PROVIDED DATA
——————

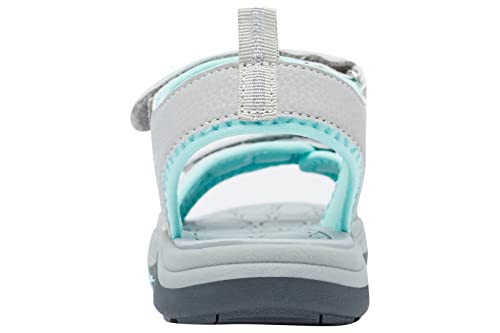 KangaROOS Unisex Kinder K-leni Ancona Sandale, Vapor Grey Mint, 28 EU von KangaROOS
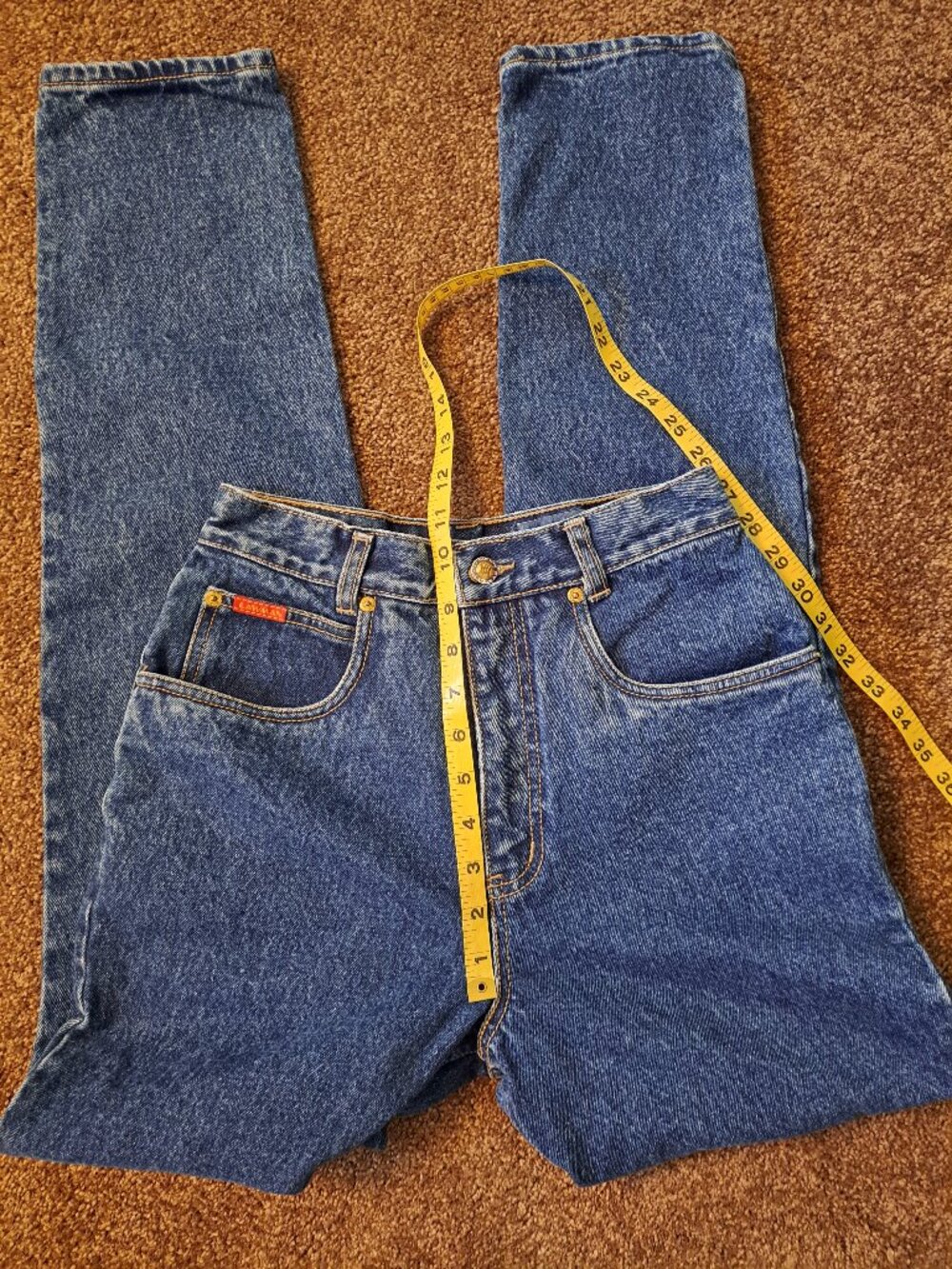 Vintage 80's,90's Lawman High Rise Western Jeans With Embroidered Logo Pocket - Picture 6 of 8
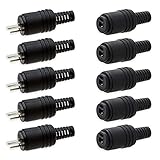 Lautsprecher Set Din 2-pol. Boxenstecker 5X LS-Stecker 5X LS-Buchsen Audio Adapter Schraubbar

——————

TASK OBJECTIVE
All of the material above is to be retyped verbatim, with its pictures omitted.

ANSWER TO THE EXERCISE
 KangaROOS Unisex Kinder K-leni Ancona Sandale, Vapor Grey Mint, 28 EU von KangaROOS
 Vintage 80's,90's Lawman High Rise Western Jeans With Embroidered Logo Pocket - Picture 6 of 8
 Lautsprecher Set Din 2-pol. Boxenstecker 5X LS-Stecker 5X LS-Buchsen Audio Adapter Schraubbar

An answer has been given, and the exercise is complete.